Serba-serbi Salah Asuhan
Abdul Muis cukup berani menuliskan novel Salah Asuhan yang memperbincangkan
pertentangan budaya timur dan barat di bawah pengawasan ketat pada masa
kolonial dan ancaman penjara bagi sesiapapun yang menentang pemerintah kolonial.Dengan
kiprahnya yang berani ini, Abdul Muis ditetapkan sebagai Pahlawan Nasional oleh
Presiden Soekarno tanggal 30 Agustus 1995.
Salah Asuhan merupakan satu dari tiga novel karya Abdul Muis. Ketiga novel
karya Abdul Muis, Salah Asuhan (1928), Pertemuan Jodoh (1933) dan Surapati
(1950) memiliki tema yang mirip, yakni lika-liku kisah percintaan dua anak
manusia pada masa penjajahan kolonial Belanda.
Salah Asuhan pun memiliki kemiripan dengan novel Sitti Nurbaya pada
zamannya, tentang pertentangan budaya Tmur dan Barat serta kisah perjalanan
cinta dua anak manusia yang memiliki ending yang sama; tokoh utamanya meninggal
dunia. Bedanya, pada Salah Asuhan lebih berani dengan mempersandingkan tokoh
lintas bangsa Eropa dan Minangkabau dalam kisah percintaan.
Mengambil latar belakang tempat di Solok, Sumatera Barat; Betawi; Semarang
dan Surabaya, Abdul Muis mengusung tokoh dengan karakter yang kuat.
Hanafi cenderung pencemburu, pemarah, sombong dan mudah tersinggung.
Memandang rendah bangsa sendiri, sangat tidak suka jika ada yang menyerempet
tentang statusnya yang Bumi Putera.
“Aku tahu betul bahwa aku Bumiputera, Corrie! Janganlah kau ulang-ulang
juga!” (Dalam Dua Orang Sahabat)
Corrie de Bussee merupakan gadis hasil perkawinan campuran antara Pribumi
dan Pranciss. Namun, Corrie tidak mau mengakui budaya ibunya yang pribumi. Corrie
berwatak tidak tegas dan mudah emosi. Tetapi, Corrie sejatinya merupakan
seorang perempuan yang mudah berbelas kasihan.
Mariam, Ibu Hanafi, sebagaimana perempuan Minangkabau pada umumnya, ia
cenderung sederhana, penyabar dan pemaaf meski Hanafi berulangkali menyakiti
hatinya. Lekat dengan adat Minangkabau yang dianggap kampungan oleh Hanafi,
cenderung menyukai duduk di lantai daripada duduk di kursi.

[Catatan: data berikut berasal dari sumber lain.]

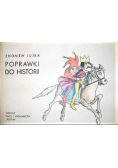 Poprawki do historii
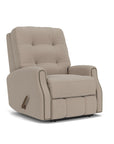 Devon - Recliner, Nailhead Trim
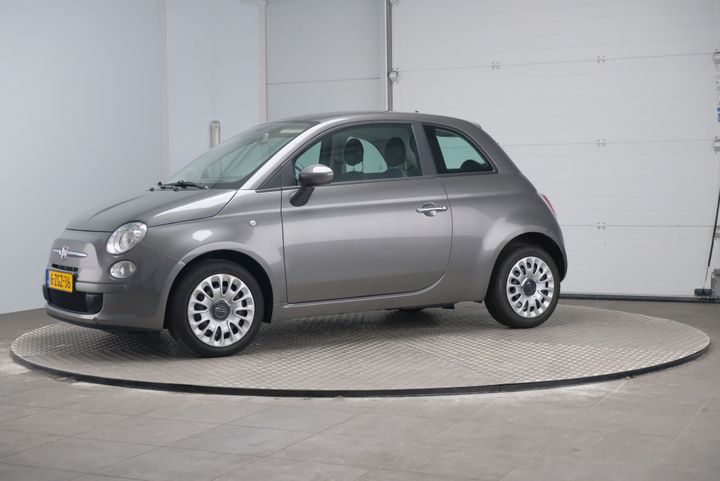 FIAT 500 2014 zfa3120000j321527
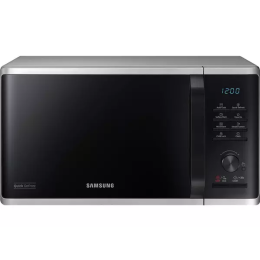 Samsung MS23K3515AS NEW Microwave Oven Digital 23L 800w Solo Quick Defrost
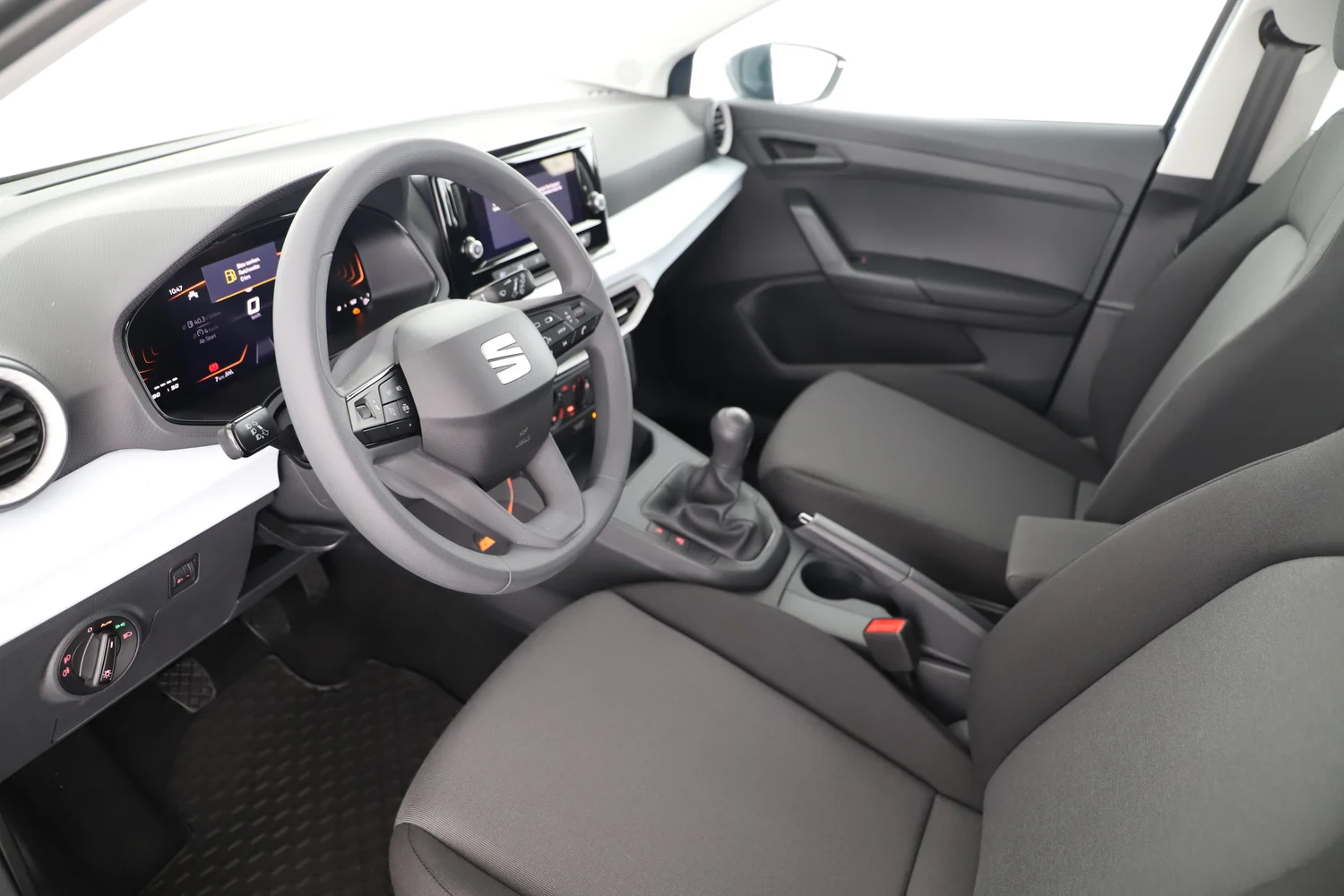 Bild eines SEAT Ibiza Reference Edition 1.0 80PS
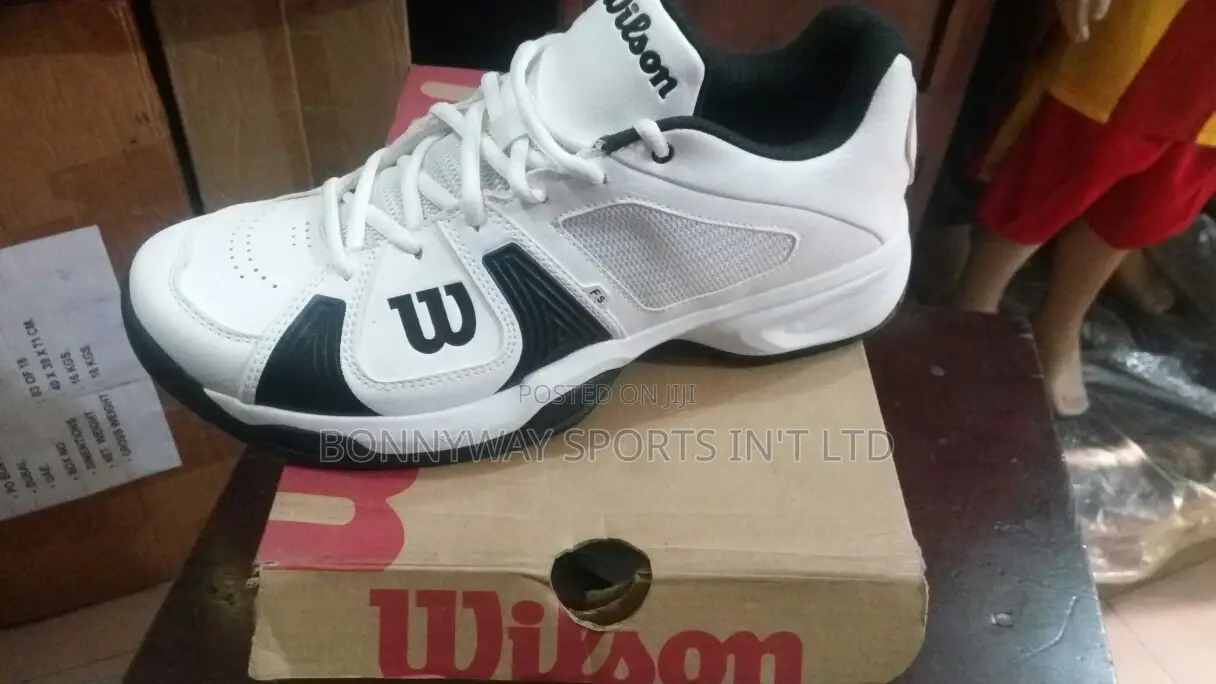 Wilson Lawntennis Canvas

Tidak jauh beda dengan Mariam, Rapiah, istri Hanafi pun mempunyai sifat
yang luar biasa sabar menghadapi tingkah laku suaminya. Lekat dengan adat
Minang yang cenderung agamis, Rapiah membiasakan puasa sunah Senin-Kamis. Hal
ini terlihat ketika Rapiah mengabarkan kepergian Hanafi kepada ibunya, “sudah
kedelapan kali kamis ini aku berpuasa sunat,ibu ,dan selama itu pula ayah Syafei
meninggalkan kita”
Berkaca dari perkawinannya dengan ibu Corrie yang
merupakan orang pribumi, Tuan De Bussee sangat menentang perkawinan campuran.

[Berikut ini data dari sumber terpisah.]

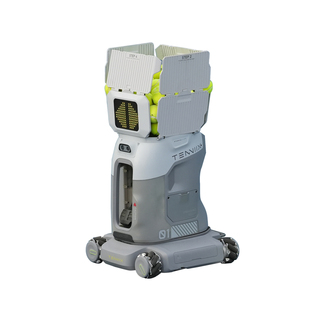 TENNIIX网球发球机便携-私人网球教练-APP声控控制-AI网球机器人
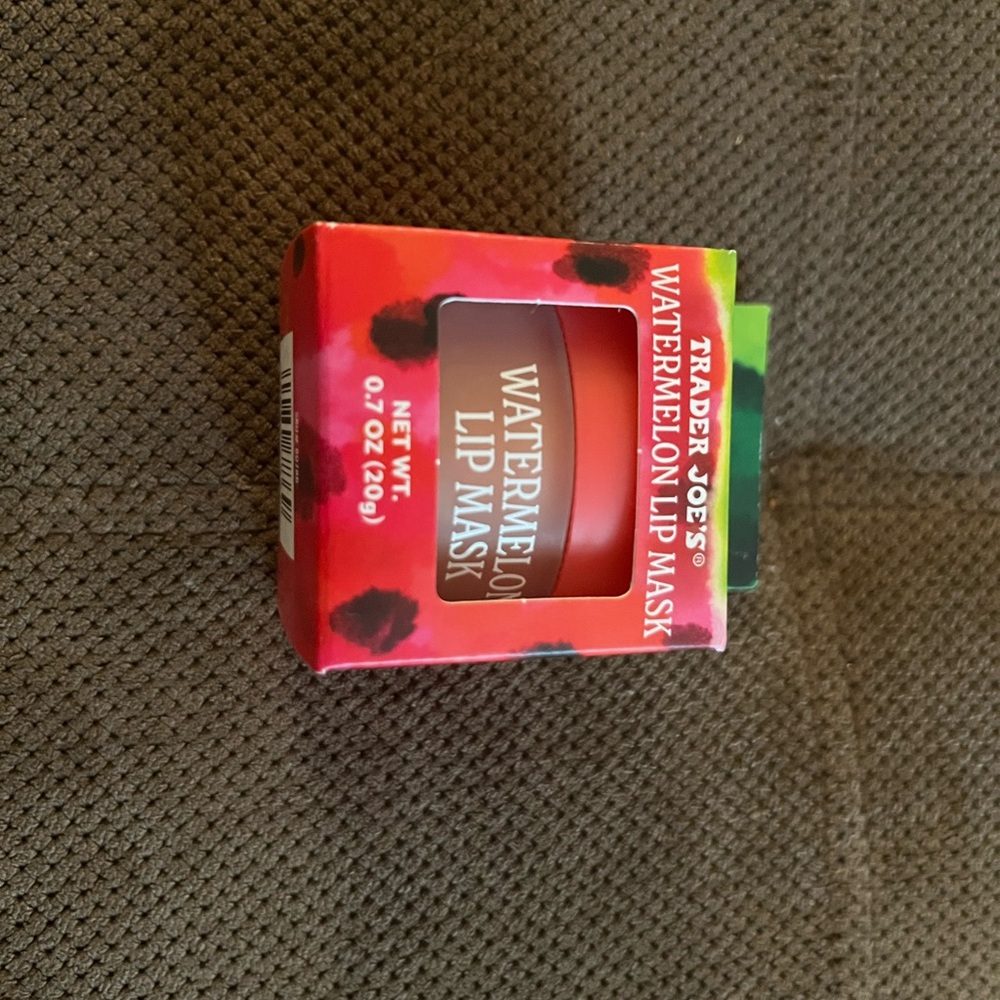 Trader Joe’s Watermelon Lip Mask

Berbeda 180 derajad dengan Corrie yang menyukai pergaulan dan keramaian, Tuan
de Busse merupakan orang yang lebih menyukai tinggal di rumah, tidak begitu
suka dengan perbincangan bersama orang-orang. Barangkali hal ini terbentuk
karena ia pernah diasingkan, baik oleh kaumnya yang bangsa Eropa maupun kaum
istrinya.
Dibalik keberanian Abdul Muis untuk mengangkat
pertentangan dua budaya dan karakteristik penokohan yang kuat, Salah Asuhan
mempunyai sisi yang harus dirombak agar novel angkatan Balai Pustaka ini
kembali dinikmati oleh pembaca untuk diambil hikmahnya. Abdul Muis sedikit
banyak menggunakan bahasa Belanda di beberapa percakapan tanpa penjelasan,
sehingga cukup menyulitkan pembaca pada jaman sekarang yang tidak terlalu akrab
dengan bahasa Belanda.
“Aku hendak kawin dengan Lefdee saja, karena hanya Lefdee
yang lebih menyempurnakan percampuran suami istri.” (Dalam Bukan Salah Ibu
Mengandung)
Keberanian PaDi (Pustaka Digital) untuk menerbitkan Salah
Asuhan dalam bentuk digital yang bisa diakses secara gratis melalui media
gadget manapun, asal ada koneksi internet patut diapresiasi. Namun, sebaiknya
PaDi melakukan rombak ulang terhadap novel-novel angkatan Balai Pustaka yang
menggunakan bahasa Melayu, dimana pembaca pada jaman sekarang tidak akrab
dengan bahasa tersebut. Bahkan, bisa dibilang pembaca yang dengan sukarela
membaca novel angkatan Balai Pustaka rerata adalah kalangan book holic, sehingga penyampaian pesan
yang terdapat pada novel tersebut hanya tersebar pada kalangan terbatas.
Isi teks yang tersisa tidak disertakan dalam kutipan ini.